One of our local Boy Scouts, COL Martin Katz, John Devanie and Mrs Katz next to the Audie Murphy memorial

One of our local Boy Scouts, COL Morton Katz, John Devanie and Mrs Katz next to the Audie Murphy memorial.

The next 24 hours were terrific. I showed up a few minutes late for my morning task of helping to transport the colors for the various units over to the amphitheatre at Arlington National Cemetery, but they’d managed to sort things out without me. Curse my lack of punctuality for that. It did, however, give me a chance to hover around the lobby while I awaited the return of our organizers. So, I spoke to Lee Yarborough again, as well as a Colonel and Command Sergeant Major from the 36th Infantry Division. As the veterans gathered, I wandered over and started to chat with COL Katz and John Devanie, who served in the 509th starting with the Avellino drop. I was able to chat with the both of them on and off all day, then got them both to autograph my copy of COL Yardley’s diaries, since it is the only book that I have on the 509th right now.

As a former Scoutmaster, I was overjoyed that a number of Boy Scouts were in attendance and, since I’m used to working with Scouts, I took multiple opportunities to provide encouragement to them, so that they would interact more with the veterans. I remember walking from the 3rd Division memorial to the Audie Murphy memorial and listening to one of the veterans asking his Scout “guide” how his work on his Eagle was going. The veteran explained that there were 21 merit badges required (there still are), but that there were no Eagle Projects back then. His own sons made Eagle and he knew how hard the project was for Scouts. I’m never sure whether Scouts understand how amazing some of the opportunities that being a Scout provides, but I know that having an adult express interest in their progress always makes a difference. That probably magnifies a lot when the interested adult is a hero, and these men are heroes. I may follow up with some of the units so that these guys can get a handle on exactly who the veterans were. Certainly, visiting Audie Murphy’s gravesite had to impress any of them who’ve studied military history, but I’m guessing that none of them knew much in advance about Operation Dragoon.
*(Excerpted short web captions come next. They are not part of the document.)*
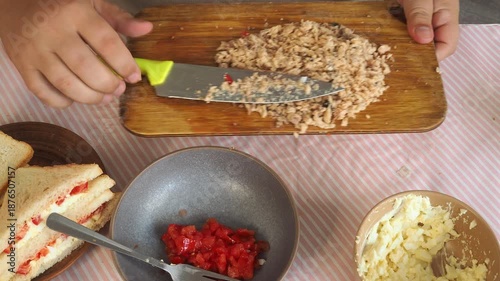 A man prepares tuna and egg sandwiches for lunch.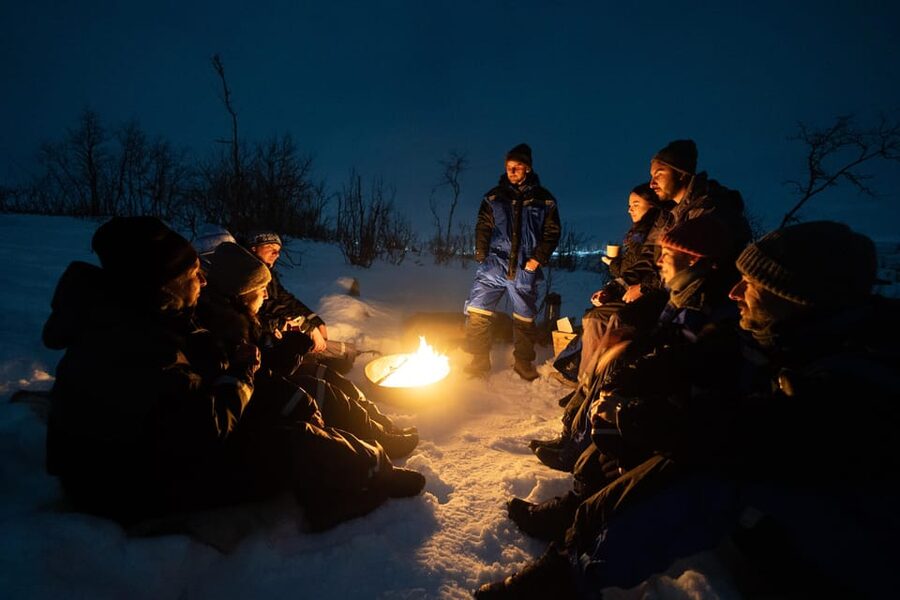 Tromsø: Aurora Borealis, Campfire, Hot Meal, Arctic Tour - Setting up beside the campfire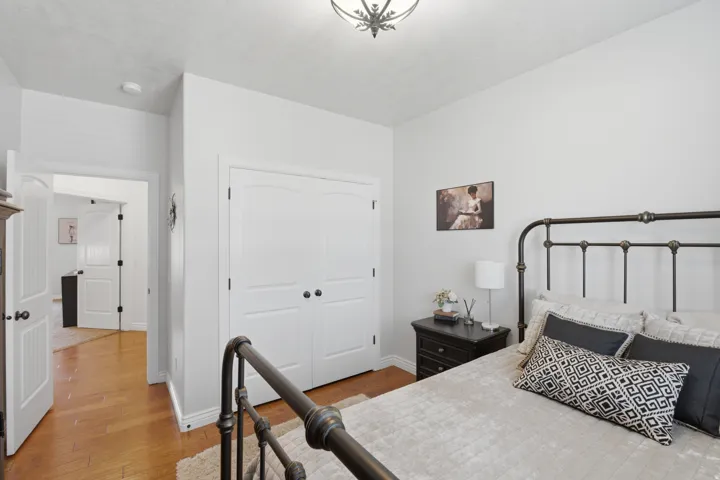 Wood-finish flooring with white baseboards, white paneled doors, and a decorative ceiling light fixture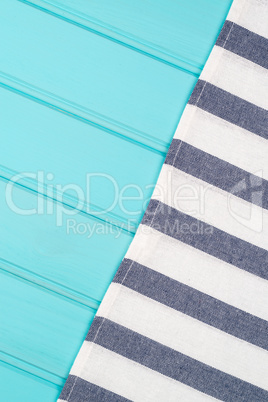 Blue and white towel over table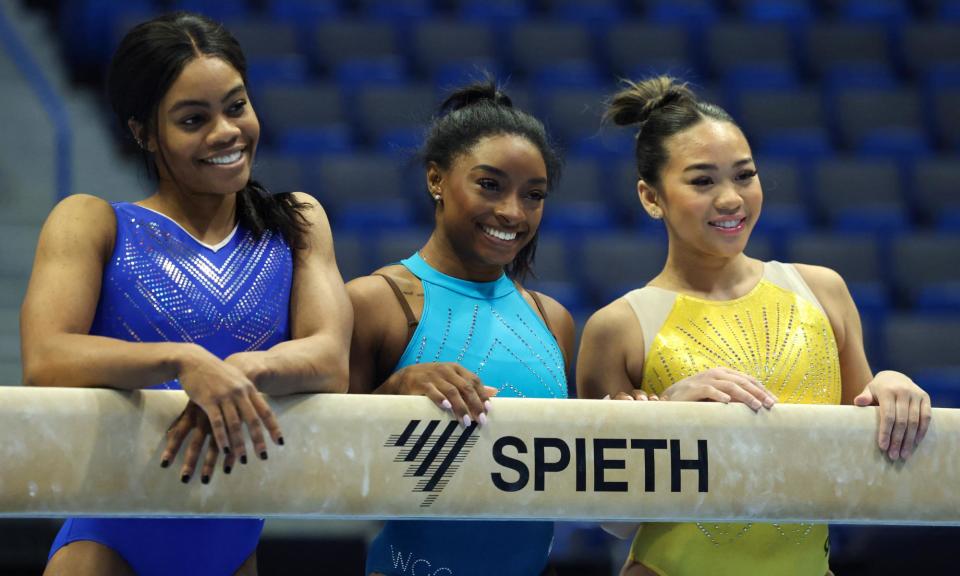 <span>Gabby Douglas, Simone Biles and Sunisa Lee, from left, pose for photographs after a training session on Friday at the XL Center ahead of the US Classic in Hartford, Connecticut.</span><span>Photograph: Charly Triballeau/AFP/Getty Images</span>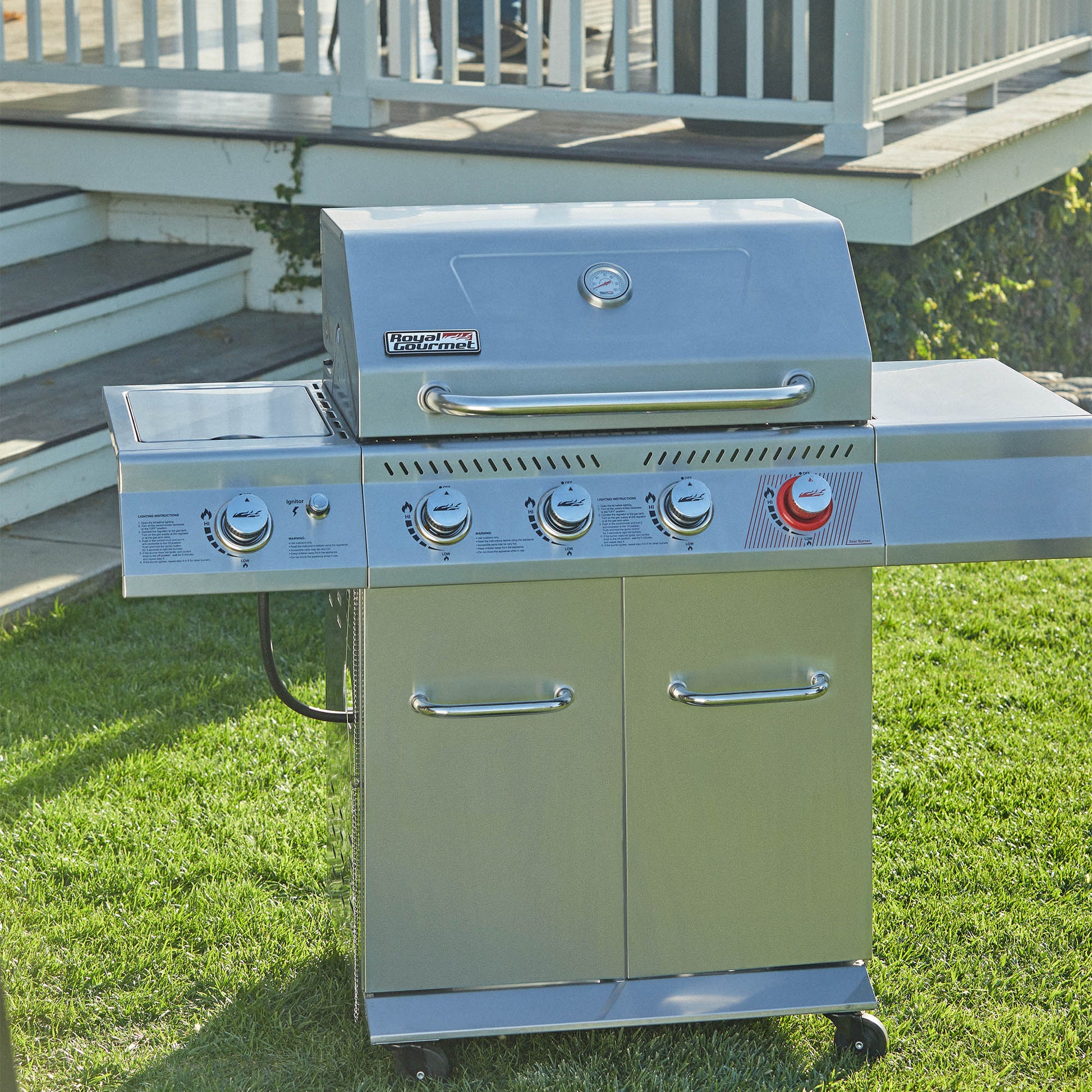 Royal Gourmet Stainless steel grill on a grassy area with a deck in the background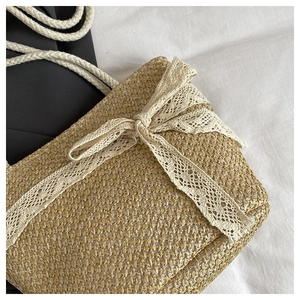 Detailed view of woven straw bag with delicate white lace bow decoration and braided handles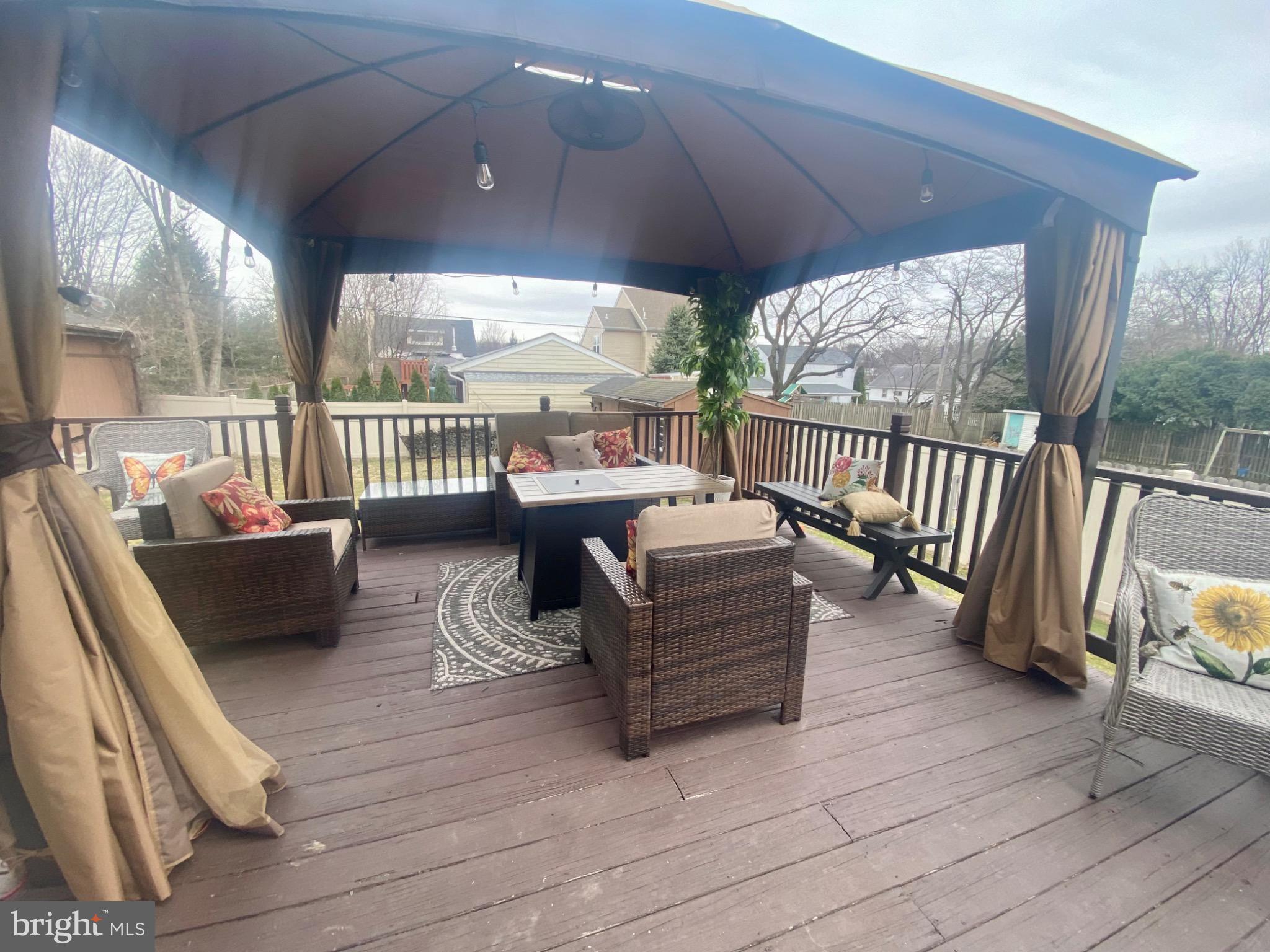 1755 Rockwell Road Abington, PA 19001 - Photo 17 of 19 a balcony with furniture and a wooden floor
Donald G. "George" Spears (F/2/517) and his wife

Don G. “George” Spears (F/2/517) and his wife

From the remove of 65 years, details often escape these men. On the other hand, some details never leave you. I asked George Spears during lunch about his unit and his recollections of his D-Day. I wondered if the drop was as screwed up like the one in Normandy, so I asked how long it was before he hooked up with other paratroopers. George said he hadn’t even gotten out of his harness and started assembling his rifle before an officer and a group of men came along the road. He said that you would recognize the officers from other units even if you didn’t know their names, so he joined up with them and spent the next four days as a runner at the Regimental Command Post. They’d lie around near the command post resting, waiting for an assignment, then, when called, head wherever they needed to go. We sat with a few soldiers from Fort Myer, including Specialist Nevarez who served in the 173rd Airborne Brigade in Italy and had one tour in Iraq. George was honest to a fault, relating when he simply couldn’t remember something. I truly enjoyed our lunch together, especially seeing how much his wife and he look after each other. As I lingered after lunch, I found George’s photo in his uniform posted along the walls, and, you know, he hasn’t changed all that much. Don Spears during WWII(Vimeo of George Spears)

I also got a chance to compliment COL Laura Richardson, who serves as the commander of the Fort Myer Military Community, having served as a Battalion Commander in Operation Iraqi Freedom. I pointed out that she wear jump wings, served in the 101st and was awarded the Bronze Star. I fumbled and said it was two Bronze Stars, though that does leave out a whole host of other awards and decorations. Of course, since Don was a paratrooper, it was probably unnecessary for me to point out the jump wings. I’d listened to the Colonel speak at the Inter-Service Club Council annual luncheon, held at the Army-Navy Country Club and had become an instant admirer.

During the Tuesday evening historical panel, a number of veterans went up to the front of the room and recounted some of their experiences very briefly. One veteran spoke about a German column they trapped outside Montelimar. The Germans were falling back, with horse-drawn carts, since they had few vehicles. He related that someone had destroyed the head of the convoy and they called in airstrikes that devastated the column. One of the veterans came up to ask about Montelimar later and said he didn’t remember any of that. Historian John McManus was on the panel and asked a few questions. McManus found out that the veteran had been in a Sergeant Connor’s squad (SGT Connor apparently had some incredible exploits on the day of the invasion, though all our veteran could remember was being guided around the minefields by a French partisan when they landed), so in all likelihood, the horror of the devastation of that convoy has blotted the incident from his memory. During our luncheon, an engineer spoke about the terrifying cleanup, which included not just German soldiers, but also many horses and French camp-followers who were retreating with the Germans.

Sometimes, when they spoke of their friends who never came home from southern France, or who didn’t survive the Battle of the Bulge, they paused. Chins would waver and their eyes would get misty. Not a day goes by that these men don’t remember Operation Dragoon, but in our focus on everything else, we sometimes forget. One gentleman recalled that when his Division was preparing to ship back to England later in the war, they were waiting alongside another unit that had fought in Normandy. One of those soldiers, seeing an unfamiliar Division patch shouted out, derisively,  “Where were you guys on D-Day?” The 3rd Division troops, which had landed in North Africa, Sicily, Salerno, Anzio and southern France (5 D-Days!) and responded, “Which one?”

Though my own research will generally focus on Normandy, I will endeavor to remember the efforts of these and other men whose efforts have not been hailed so luminously.